Restate, word for word, the run of lines that starts at the line containing "کوسن پاپیون دانتل" and ends with the final line of the listing. Leave pictures out.

Listed entries.
-- Opening Marker --

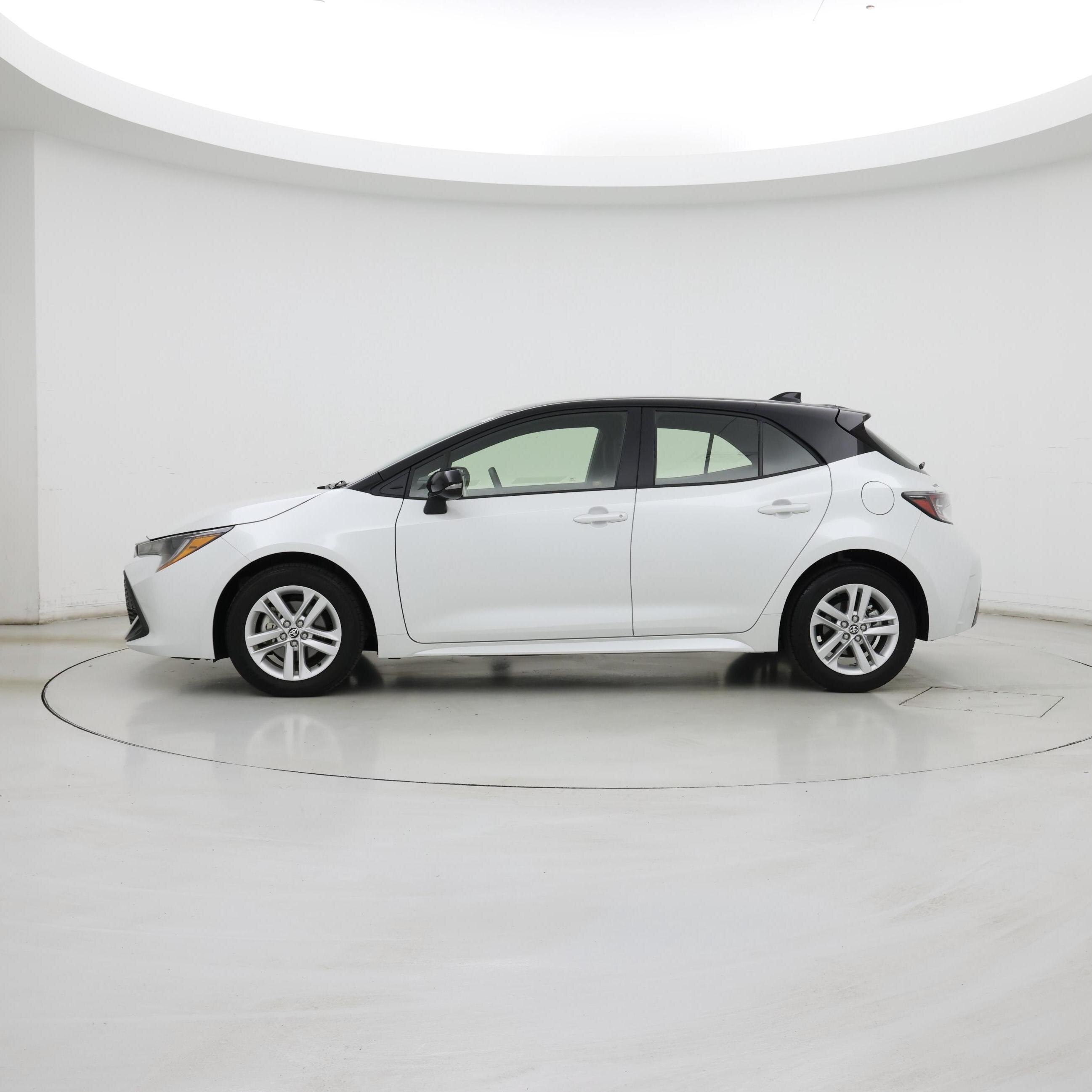 Thumbnail: 2021 Toyota Corolla - 3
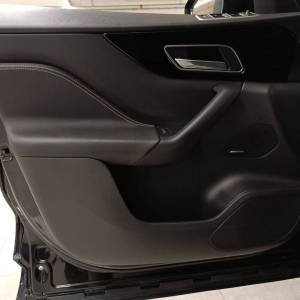 Jaguar F-Pace R-SPORT 2.0D 240HP AWD A8 - 3 godine jamstva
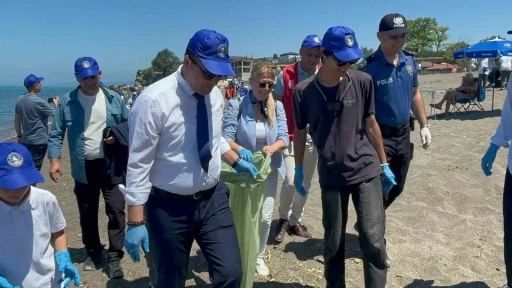 Ak&ccedil;akoca&rsquo;da sahiller i&ccedil;in el ele
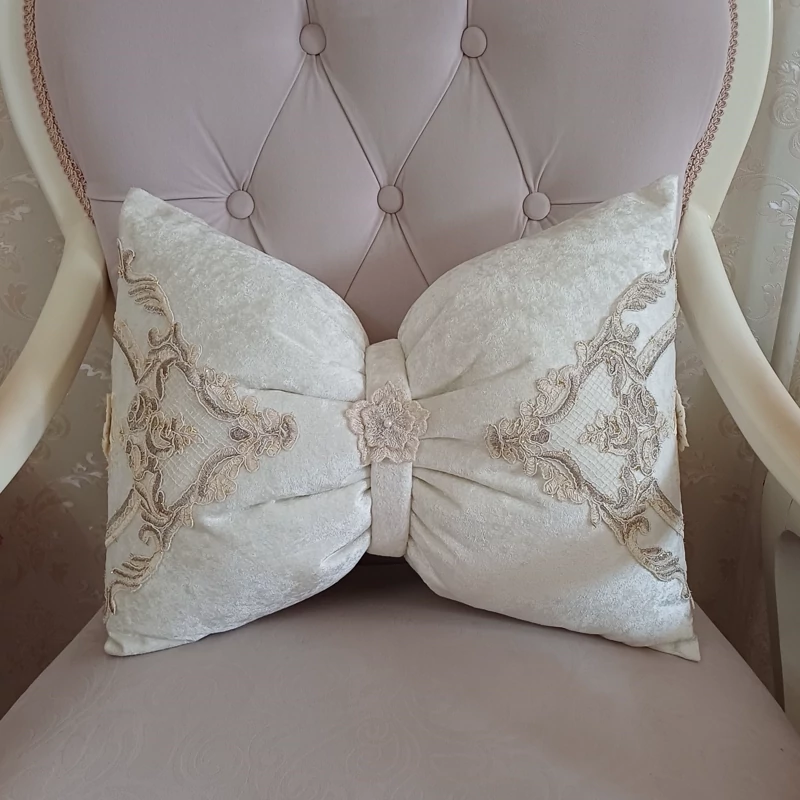 کوسن پاپیون دانتل گل برجسته در رنگبندی دلخواه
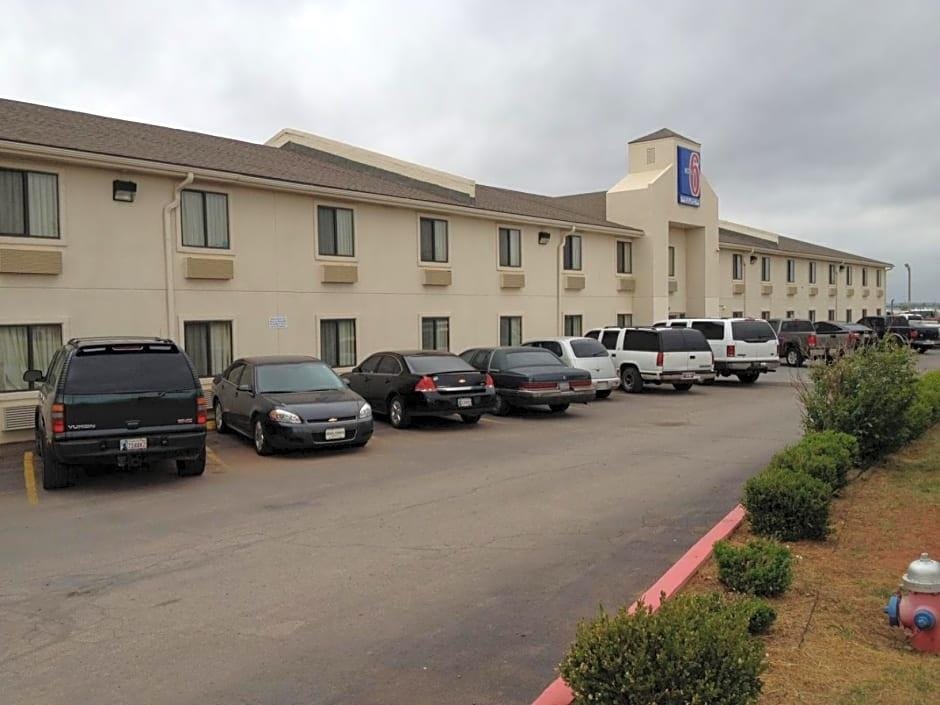 Motel 6 Elk City OK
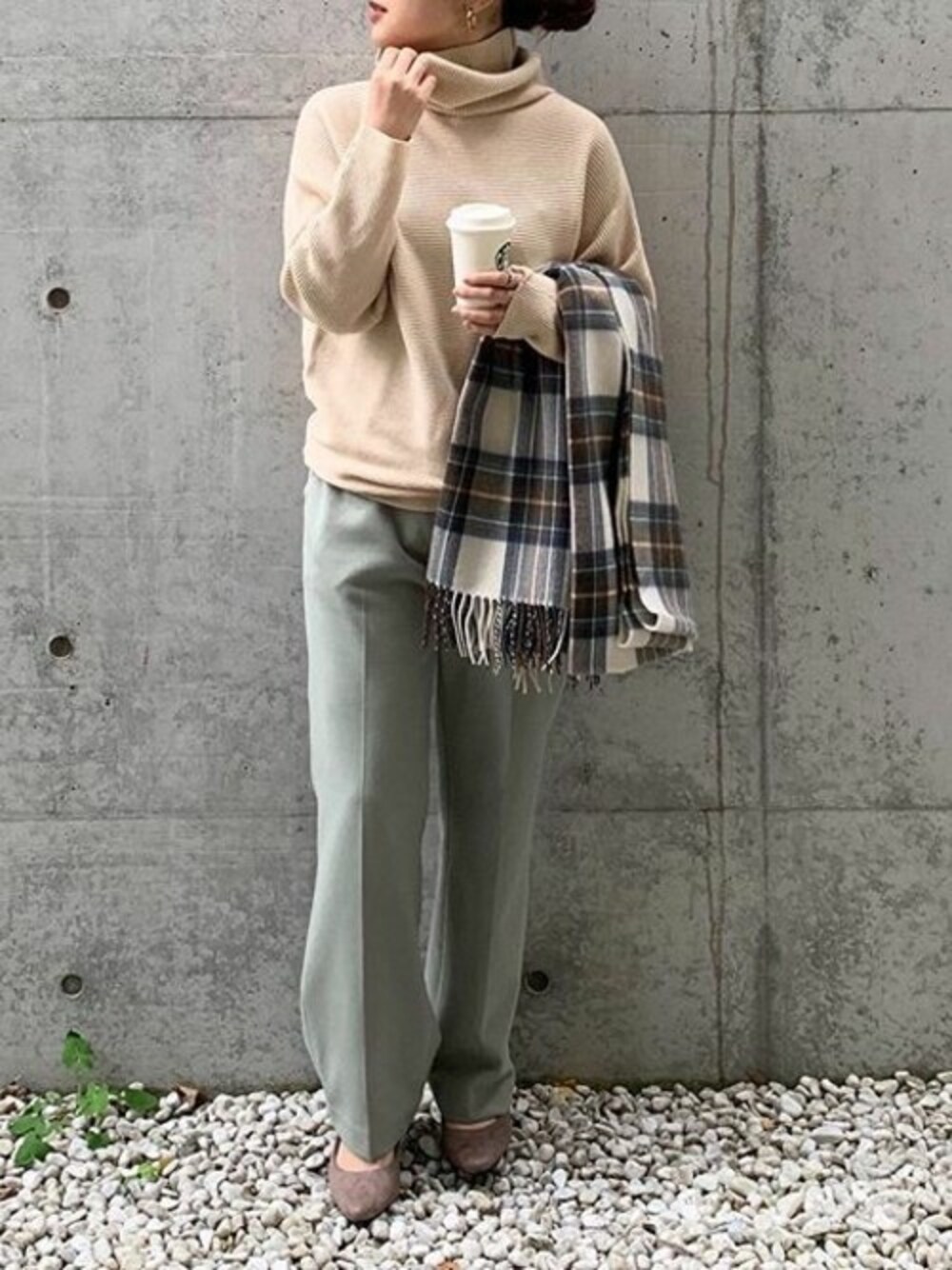 ベージュ系のニット/セーター、グリーン系のその他パンツ、グレー系のパンプスを着用したレディースの冬コーディネートの1枚目の写真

-- Closing Marker --

Solution below.
 کوسن پاپیون دانتل گل برجسته در رنگبندی دلخواه
 Motel 6 Elk City OK
 ベージュ系のニット/セーター、グリーン系のその他パンツ、グレー系のパンプスを着用したレディースの冬コーディネートの1枚目の写真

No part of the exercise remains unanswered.